After a pandemic growth spurt, COVID-19 test maker Biomeme is moving its HQ to North Broad and looking to the future

April 5, 2021

Paige Gross

About this time last year, Biomeme — makers of a rapid COVID-19 test and other diagnostic hardware — had about 35 people in its 10th and Chestnut streets HQ.

Enter a global pandemic. The company, now about 280 employees across the U.S. and about 120 in the Philadelphia region, has outgrown its office. It will join esports company Nerd Street Gamers at a 44,000-square-foot office, lab, testing and manufacturing in a new corporate headquarters at 401 N. Broad St., owned by Netrality, operator of fiber-dense data centers that allow for super-fast internet.

Biomeme currently produces mobile, real time-PCR devices and other testing hardware. It’s currently manufacturing products including a FDA emergency use authorized COVID-19 test.

The move will help the expansion of the company’s manufacturing capacity, and is supported by a $3 million grant from Pennsylvania’s Redevelopment Assistance Capital Program.
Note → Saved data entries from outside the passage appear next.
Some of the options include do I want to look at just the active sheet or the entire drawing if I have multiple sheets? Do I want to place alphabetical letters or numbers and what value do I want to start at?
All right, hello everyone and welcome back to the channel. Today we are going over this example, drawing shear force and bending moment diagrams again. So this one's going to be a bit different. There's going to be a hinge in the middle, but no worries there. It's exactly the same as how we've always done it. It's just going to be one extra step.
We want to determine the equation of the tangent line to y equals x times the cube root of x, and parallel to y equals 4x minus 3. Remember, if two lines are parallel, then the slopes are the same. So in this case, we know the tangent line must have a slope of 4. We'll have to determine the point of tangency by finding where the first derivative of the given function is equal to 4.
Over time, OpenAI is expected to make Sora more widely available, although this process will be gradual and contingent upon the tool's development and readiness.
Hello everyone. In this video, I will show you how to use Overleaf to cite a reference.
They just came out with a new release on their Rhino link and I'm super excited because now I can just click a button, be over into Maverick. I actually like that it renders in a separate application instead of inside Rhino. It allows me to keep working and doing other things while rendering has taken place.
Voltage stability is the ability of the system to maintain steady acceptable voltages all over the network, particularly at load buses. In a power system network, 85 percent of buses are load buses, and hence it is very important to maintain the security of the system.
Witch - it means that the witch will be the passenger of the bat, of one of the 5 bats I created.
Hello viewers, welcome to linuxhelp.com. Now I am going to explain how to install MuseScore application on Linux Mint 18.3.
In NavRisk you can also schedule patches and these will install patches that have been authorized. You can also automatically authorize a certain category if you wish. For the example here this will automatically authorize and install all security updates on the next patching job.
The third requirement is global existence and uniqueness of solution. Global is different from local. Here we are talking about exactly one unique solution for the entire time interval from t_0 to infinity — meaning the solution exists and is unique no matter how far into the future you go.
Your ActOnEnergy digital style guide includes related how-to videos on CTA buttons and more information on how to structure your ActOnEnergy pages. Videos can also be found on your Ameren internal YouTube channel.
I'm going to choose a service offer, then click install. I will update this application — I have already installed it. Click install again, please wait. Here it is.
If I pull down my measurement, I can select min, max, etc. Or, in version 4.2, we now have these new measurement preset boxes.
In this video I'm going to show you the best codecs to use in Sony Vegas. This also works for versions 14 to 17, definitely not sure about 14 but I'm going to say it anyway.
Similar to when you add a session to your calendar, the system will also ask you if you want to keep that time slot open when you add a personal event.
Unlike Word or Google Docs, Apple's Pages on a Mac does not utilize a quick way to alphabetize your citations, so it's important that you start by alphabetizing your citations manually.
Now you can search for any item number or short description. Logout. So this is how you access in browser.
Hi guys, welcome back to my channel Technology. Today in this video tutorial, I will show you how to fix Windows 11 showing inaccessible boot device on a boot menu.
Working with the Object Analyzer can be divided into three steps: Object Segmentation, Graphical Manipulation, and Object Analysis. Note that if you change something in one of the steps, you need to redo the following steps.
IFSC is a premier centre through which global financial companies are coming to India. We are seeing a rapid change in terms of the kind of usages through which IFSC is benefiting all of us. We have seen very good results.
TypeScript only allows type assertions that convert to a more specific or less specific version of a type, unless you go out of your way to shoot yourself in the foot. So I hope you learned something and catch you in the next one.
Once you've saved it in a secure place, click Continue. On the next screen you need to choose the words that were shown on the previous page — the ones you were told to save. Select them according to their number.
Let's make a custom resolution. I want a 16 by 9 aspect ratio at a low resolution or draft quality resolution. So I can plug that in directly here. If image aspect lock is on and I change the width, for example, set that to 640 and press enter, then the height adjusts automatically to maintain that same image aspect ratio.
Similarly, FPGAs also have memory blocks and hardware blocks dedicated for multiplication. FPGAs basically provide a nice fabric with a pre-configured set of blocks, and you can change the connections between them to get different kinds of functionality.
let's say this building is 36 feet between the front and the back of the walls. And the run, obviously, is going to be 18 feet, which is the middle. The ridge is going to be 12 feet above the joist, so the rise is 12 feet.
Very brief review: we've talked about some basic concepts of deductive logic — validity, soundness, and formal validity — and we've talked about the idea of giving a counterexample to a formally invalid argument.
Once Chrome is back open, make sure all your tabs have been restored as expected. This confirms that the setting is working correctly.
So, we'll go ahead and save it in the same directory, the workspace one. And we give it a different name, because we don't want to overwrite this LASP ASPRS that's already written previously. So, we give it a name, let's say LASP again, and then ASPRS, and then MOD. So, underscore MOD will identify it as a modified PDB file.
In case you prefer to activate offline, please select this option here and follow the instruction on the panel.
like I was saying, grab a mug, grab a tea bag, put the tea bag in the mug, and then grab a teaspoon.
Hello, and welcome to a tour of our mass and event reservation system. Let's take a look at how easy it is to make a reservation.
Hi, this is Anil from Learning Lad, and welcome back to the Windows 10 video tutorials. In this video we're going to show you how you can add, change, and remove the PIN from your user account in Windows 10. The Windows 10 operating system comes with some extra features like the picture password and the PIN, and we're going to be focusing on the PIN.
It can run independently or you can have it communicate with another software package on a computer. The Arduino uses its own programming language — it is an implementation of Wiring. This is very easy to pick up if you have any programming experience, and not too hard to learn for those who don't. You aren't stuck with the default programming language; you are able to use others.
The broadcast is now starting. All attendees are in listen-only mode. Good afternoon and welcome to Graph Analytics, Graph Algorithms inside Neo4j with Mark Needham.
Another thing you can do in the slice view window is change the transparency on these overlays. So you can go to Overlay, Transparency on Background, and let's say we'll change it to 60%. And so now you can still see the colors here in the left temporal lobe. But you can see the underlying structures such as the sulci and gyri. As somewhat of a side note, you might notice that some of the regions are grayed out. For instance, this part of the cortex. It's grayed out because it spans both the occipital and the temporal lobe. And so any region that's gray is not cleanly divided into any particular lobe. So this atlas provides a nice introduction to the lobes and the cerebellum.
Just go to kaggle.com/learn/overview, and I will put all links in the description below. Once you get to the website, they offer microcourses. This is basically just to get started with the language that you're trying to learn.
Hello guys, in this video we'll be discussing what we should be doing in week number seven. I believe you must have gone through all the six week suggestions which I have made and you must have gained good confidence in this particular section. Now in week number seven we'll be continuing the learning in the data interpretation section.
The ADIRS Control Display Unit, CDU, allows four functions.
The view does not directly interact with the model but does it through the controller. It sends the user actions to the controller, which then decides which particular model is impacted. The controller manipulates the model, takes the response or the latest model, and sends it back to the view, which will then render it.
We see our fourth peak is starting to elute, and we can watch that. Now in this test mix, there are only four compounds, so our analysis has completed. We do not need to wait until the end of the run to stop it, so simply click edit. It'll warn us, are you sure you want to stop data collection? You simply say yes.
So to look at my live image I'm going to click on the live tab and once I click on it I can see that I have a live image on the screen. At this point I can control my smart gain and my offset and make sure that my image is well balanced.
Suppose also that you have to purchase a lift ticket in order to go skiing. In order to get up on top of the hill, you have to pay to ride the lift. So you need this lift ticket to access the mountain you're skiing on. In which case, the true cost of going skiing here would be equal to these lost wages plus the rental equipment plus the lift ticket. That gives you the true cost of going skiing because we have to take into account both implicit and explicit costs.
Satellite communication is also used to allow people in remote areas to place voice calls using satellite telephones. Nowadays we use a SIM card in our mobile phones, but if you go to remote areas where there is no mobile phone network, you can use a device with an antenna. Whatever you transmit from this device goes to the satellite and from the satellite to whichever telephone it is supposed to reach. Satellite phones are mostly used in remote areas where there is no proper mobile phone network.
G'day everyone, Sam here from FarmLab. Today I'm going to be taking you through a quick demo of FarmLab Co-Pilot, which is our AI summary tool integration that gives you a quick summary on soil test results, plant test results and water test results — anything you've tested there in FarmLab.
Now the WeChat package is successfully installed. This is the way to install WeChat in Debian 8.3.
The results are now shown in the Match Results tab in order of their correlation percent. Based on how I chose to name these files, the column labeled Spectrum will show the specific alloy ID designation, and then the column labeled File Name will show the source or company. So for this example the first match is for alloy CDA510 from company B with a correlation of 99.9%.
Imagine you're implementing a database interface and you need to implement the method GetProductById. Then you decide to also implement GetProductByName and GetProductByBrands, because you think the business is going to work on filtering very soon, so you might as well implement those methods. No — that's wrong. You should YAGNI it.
It will allow Biomeme to produce more than 10 million tests annually, the company said. Biomeme has been working with Strada Architecture LLC to build out the space to meet all of its office, manufacturing and lab needs.

“The pandemic response has catalyzed growth and expansion quite a bit,” Max Perelman, cofounder and head of business operations of Biomeme, told “Growth was planned, but maybe not this fast.”

When they were looking for a new space, the team didn’t seriously consider University City, where much of the life sciences and biotech industry is focused. The cost of real estate didn’t seem worth it, Perelman said, and the location “didn’t provide significant additional value.”

The team has overgrown its office space on Chestnut Street, Perelman said, taking over four or five floors at this point. The space in 401 N. Broad St. allows for the potential of additional growth — though they’ll already be close to full capacity when they move in this fall.

“We scaled quite a bit to meet the demands of the pandemic, and I see us being able to handle additional scaling through efficiencies as the team learns new modalities,” Perelman said.

And the team is looking forward to the Netrality building’s utilities when they move. The high-speed internet connections and backup to power means a lot to the manufacturing side of the business, Perelman said. And it was important to stay in Center City, where many of Biomeme’s employees live.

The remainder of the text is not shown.